A date had been in the diary for a little bit, we were going to be anything up to six people. There was some natural wastage along the way so it ended up as a dinner for three; Myself, Sussex and Mr Magnum at Frenchie in Covent Garden. Some of the best bottles and splendid times have been at dinners with these two blog “diehards” so I was excited. I had not been here before but had heard good things. The theme remained uncharged from when we would have been a different number – bring burgundy, one white, one red. Without over planning we ended up with a terrific balance of wines.

A cracking line up, quite pleased we stayed off the Chartreuse…

With this much wine to get through, not a chore(!), we decided that we would go for a starter-starter-main-cheese “formation”. The food was very good, the service friendly and knowledgable and the glassware good too, i’ll be going back. We started the whites in the order below but also had them overlapping as we devoured our starters.

Meursault 1er Cru La Goutte d’Or 2007, Arnaud Ente – This was pure and did a good job of combining the richness of Meursault with the focus of the 2007 vintage. Lovely right now for me, will age well but this has just the balance I like here, waxy texture and a nice feeling that any oak has long since dissolved into the wine. Nicely complete, a wine of texture rather than explosive richness.

Corton-Charlemagne Grand Cru 2009, Bonneau du Martray – This has been a very good 2009 since “conception”. The vintage can be very good for whites but can be a little OTT at times. The restraint that Jean-Charles uses here has clearly worked well in a warm and generous vintage. There is, like the Ente, good focus and no excess, nice moreishness and a little saline. Pure with a long life ahead.

Meursault Villages 2000, Coche-Dury – This is fully mature and in another gear colourwise, a contrast to the two predecessors. The maturity though is exactly as it should be – 17 years on. There is a rich “dry honey” character, almost a toffee apple note. A little reduction  remains and adds a slightly savoury edge. Something about this reminds me of 48month Comte – a sort of rich intensity combined with a saline edge. Totally ready now, just enjoy.

To have three wines from three top names and one to be Villages, one 1er Cru and one Grand Cru but all work well together shows exactly the charm of Burgundy. With the reds we moved into pure Grand Cru country.

Charmes-Chambertin Grand Cru 2011, Domaine de Varoilles – So you might think that in this exalted company a Domaine like “Varoilles” (located off the “main drag” in Gevrey) would get outclassed but it is always nice to try different things. I deliberately took a young vintage. I was delighted with how it showed – any oakiness that can show early in these wines – was gone leaving a very primary pure, red, cranberry-like, fruit and a good drive. It is very much in first gear but a good wine from a vintage that can be charming though sometimes a little green.
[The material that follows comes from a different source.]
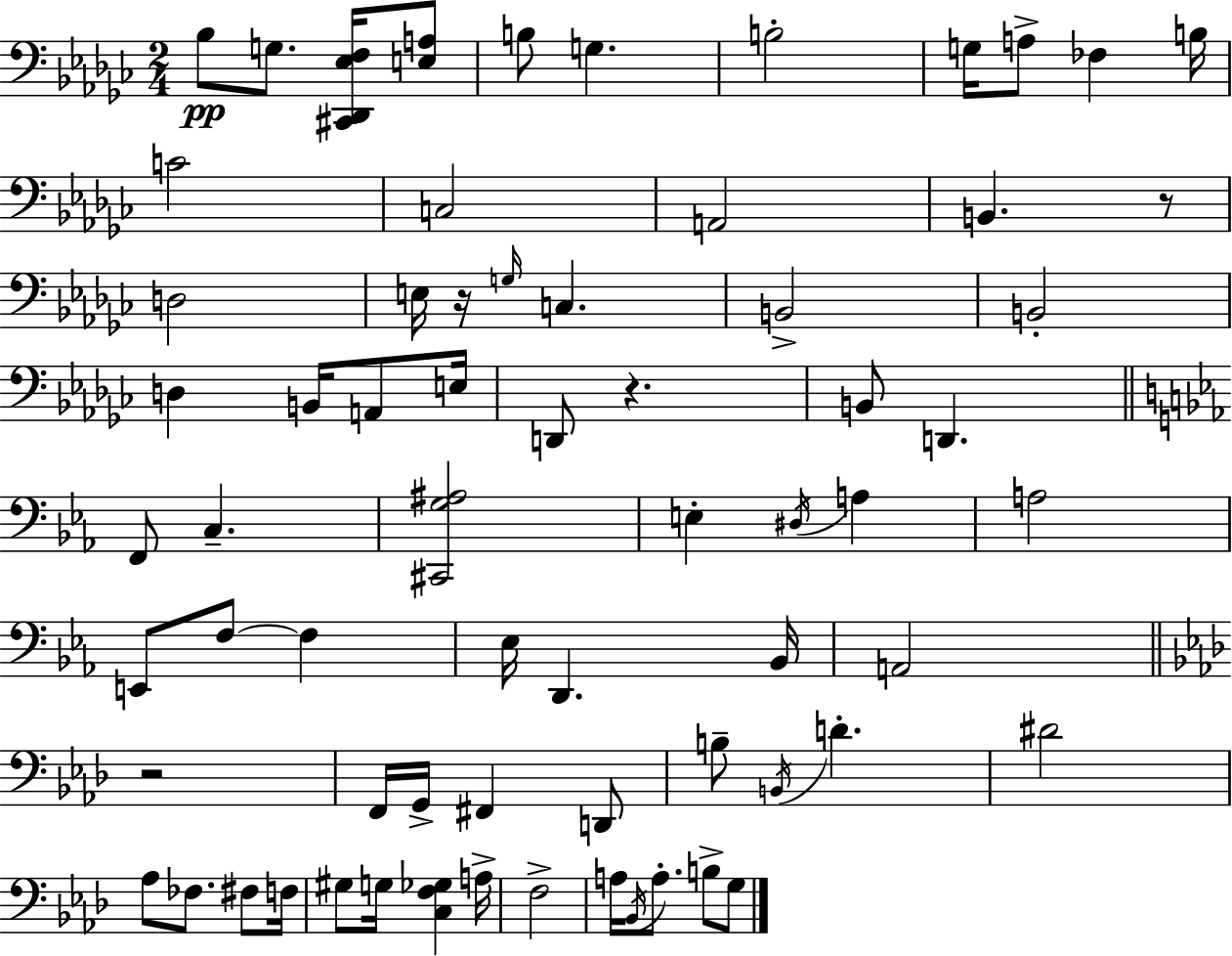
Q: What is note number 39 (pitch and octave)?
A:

Chambertin Grand Cru 2006, Rousseau – This had a stunning nose, pure and primary but in a darker character than the Charmes, more damson less cranberry. The “Rousseau nose”, a little like “THE Domaine nose” is hard to define but you know it when you “see” it. Without being a tour de force per se this has a long way to go…it is persistent and unflashy but all the better for it, very proper.

Bonnes-Mares Grand Cru 2002, de Vogue – On the night this was the most “in the zone” of the reds. Opulent and generously in 3rd gear, darker fruit but sweeter, in a degraded way, than the Rousseau. My, admittedly biased, enjoyment of Bonnes Mares continues at a pace. The main source of my tasting of Bonnes Mares comes from this vertical tasting, but it must be said my main drinking of Bonnes comes courtesy of company dinners or Mr Magnums generosity.

This was a terrific dinner, a good quantity of wine to drink whilst chatting about all sorts. Just what wine should be about and all conducted in a terrific setting…

Just some of the dishes…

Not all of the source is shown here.